Academics have covered remix culture, and the mainstreaming of geekdom is like, a constant refrain everywhere, so not even going to bother, mostly because he froze me up at the Etewaf horror--very Lovecraftian, that--in which everyone has easy access to everything and that's like, really bad.
Let's not romanticize the past in which we had to wait for years and go uphill both ways to get our manga, okay? That shit isn't nostalgic; that sucked. It sucked. Yes, we had lively discussions waiting for new issues for about an hour and then geeks went to war, and geek war isn't like mundane war; most of us enter with a vocabulary not limited to languages that actually exist and a lot of us grew up beneath the thumb of mainstream contempt and high school bullying and whoo boy did we carry that into every conversation ever? Oh, we did. Harry Potter books had what, a one to two year wait or average? Did you see that fandom? And let me just say, thank God Star Trek II didn't come out during internet culture and have the waiting period before Star Trek III came out: bloodshed, people.
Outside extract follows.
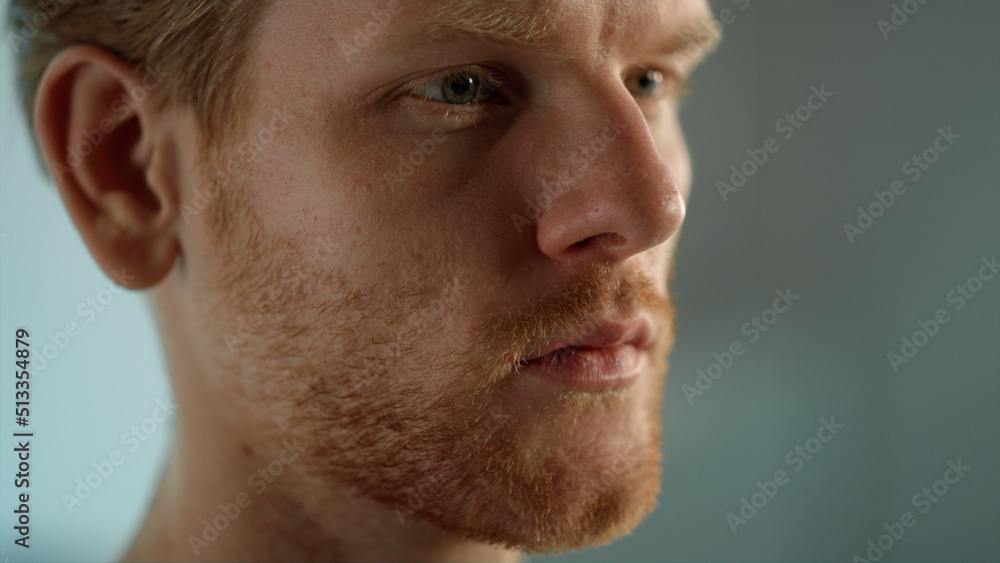 Fototapeta premium Ginger businessman looking distance closeup. Man studying document thoughtfully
Geek culture was expensive; it was very much the territory of middle and upper middle class who could afford to import direct from Japan or knew someone who could if the titles you wanted weren't here. Even domestic products weren't cheap or easy; it's not that long ago that VHS tapes were this new and exciting thing that allowed recording instead of staring at the television listings for a hopeful glance of something not a rerun of fifties era programming and being really disappointed on a daily basis. Cable still isnt' universally accessible even in the US, and certainly not in rural Texas, much less internet. Working class geek meant used bookstores because hardcovers or even new paperback were for birthdays, Christmas, and when it was something my entire family would want to read (which luckily, we overlapped taste in a lot of things). Buying movies was an event that was considered carefully.
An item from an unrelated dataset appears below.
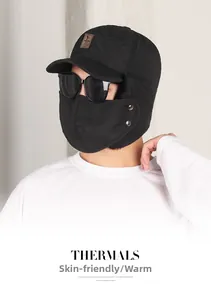 Detail of black winter trapper hat with quilted design and detachable face mask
[I'd love to hit a real discussion of classism in geekdom because along with shitty race issues and shitty sexism issues, geek cultural development wasn't just white and male, it was white, male, and specific to certain economic classes as well. It's not that POCs, women, and the non-middle-class weren't geeky or didn't develop their own geek-related culture but geek as it is presented to mainstream culture is--well, white, male, and very obviously both.
[I'm still boggling at people who are utterly shocked that POC and women attended and still attend sci-fi conventions and are interested in the same things that mainstream geek culture is; yes, we've been here all along, and the question you should be asking is not 'where have you been' but 'why didn't I see that?' No one asks that, though. It's weird.]
Geek culture was difficult unless you lived in a city; I was a geek culture of one at my school K through 12 and you think your clique had it hard? Please. I never even met a D&Der until college and a LARPer after that. I met geek culture in college without any geek socialization skills--and we do have them, believe it or not--and I was the geek that geeks didn't like, since I was a feral geek who developed independently in the high school library reading encyclopedias* from 1976 because I'd finished the fantasy section before my freshman year of high school ended.
[* Encyclopedia Brittanica. Accept no substitutes.]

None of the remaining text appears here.